顔も膝も人間の一部なのですが、おそらく脳は「顔=人間」、「膝=身体の一部」という処理をしているのでしょう。


 たとえば果物のオレンジは「モノ」ですが、表面に油性マジックで「顔」を描くと、急に人間っぽく感じてしまう、なんてことがあります。箱の中のたくさんのオレンジの中に、数個だけ顔を描いたオレンジがあったら、その数個を優先的に視てしまうでしょう。

また自動車のデザインを正面から視たときに、両方のライトが眼、バンパーが口、といった感じで、「顔のように」認識してしまうこともあるでしょう。建造物から、壁の模様に至るまで、「いったん顔に見えだすと、顔にしか視えなくなる」ということが起きます。これらの現象は顔を認識するエリアが活性化して、モノであっても顔として認識したと考えられます。


 ではなぜ顔認識のシステムが発達したのでしょうか? 

 ひとつには「顔」で敵味方を判断してきたからだと考えられています。たまたま出くわした相手が、ライオンや毒ヘビなら「逃げる」、食料となる小動物や果実なら「近づく」など、その後の行動はある程度決まってくるわけですが、人間が相手の場合「見極め」が重要になるからです。

 敵に近づけば危険の、味方に近づくと生存の可能性が上がるからです。そういった背景もあり、人間は脳で顔認識システムを高度に発達させたのでしょう。

 そして人間は顔の表情から感情を読み取ります。脳には「他人の動きを視たとき、自分は動いていないのにあたかも動いたように活性化するミラーニューロン」がありますが、私たちは他人の表情を視覚で捉え、自身のミラーニューロンを活性化させて、他人の感情を理解すると考えられています。

 笑っている、怒っている、すましている、無視している、悲しんでいる、ふざけている、など、そのときの状態を表情から読み取るのです。ですから私たちはつい顔を視ようとしますし、表情から感情を理解しようとするのです。
 
 人間の表情をつくるのは表情筋群です。
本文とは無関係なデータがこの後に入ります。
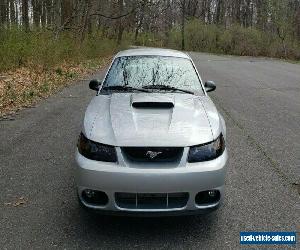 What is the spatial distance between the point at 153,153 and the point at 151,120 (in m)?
0.46

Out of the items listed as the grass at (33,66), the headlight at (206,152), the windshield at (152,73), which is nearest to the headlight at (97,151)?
the headlight at (206,152)

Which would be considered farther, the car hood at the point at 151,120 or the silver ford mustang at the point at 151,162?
the car hood at the point at 151,120

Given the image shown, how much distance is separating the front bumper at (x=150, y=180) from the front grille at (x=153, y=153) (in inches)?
4.1

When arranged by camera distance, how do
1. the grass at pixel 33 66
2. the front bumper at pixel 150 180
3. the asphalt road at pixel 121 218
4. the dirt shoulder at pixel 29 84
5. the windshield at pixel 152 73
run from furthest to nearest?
the grass at pixel 33 66, the dirt shoulder at pixel 29 84, the windshield at pixel 152 73, the asphalt road at pixel 121 218, the front bumper at pixel 150 180

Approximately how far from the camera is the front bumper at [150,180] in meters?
3.39

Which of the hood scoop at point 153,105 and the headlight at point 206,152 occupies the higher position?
the hood scoop at point 153,105

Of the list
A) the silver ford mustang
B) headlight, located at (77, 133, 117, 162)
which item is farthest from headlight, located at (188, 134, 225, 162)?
headlight, located at (77, 133, 117, 162)

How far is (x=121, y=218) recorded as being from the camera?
13.1 feet

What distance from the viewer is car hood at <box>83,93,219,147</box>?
3.57 metres

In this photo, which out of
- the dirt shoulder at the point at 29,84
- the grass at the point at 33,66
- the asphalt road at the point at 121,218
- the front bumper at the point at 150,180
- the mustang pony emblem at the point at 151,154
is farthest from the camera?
the grass at the point at 33,66

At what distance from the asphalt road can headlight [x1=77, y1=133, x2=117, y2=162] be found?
0.74 m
表情筋群とは表情に関わる筋肉の総称です。ビックリした時に眉を引き上げる前頭筋、眉間にしわを寄せる鼻根筋、口の開閉に関わる口輪筋、口角を引き上げる大頬骨筋、口角を外側に引き、えくぼをつくる笑筋など、大小様々な筋があります。これらの筋肉は脳神経のひとつ、顔面神経によって支配されています。
 
脳神経とは、脳から直接筋肉を支配している神経のことで、頚から下のほとんどの骨格筋が「脳から脊髄を経由して、各筋肉を支配している」のに対して、脳神経は脊髄を経由しないダイレクトの支配なのです。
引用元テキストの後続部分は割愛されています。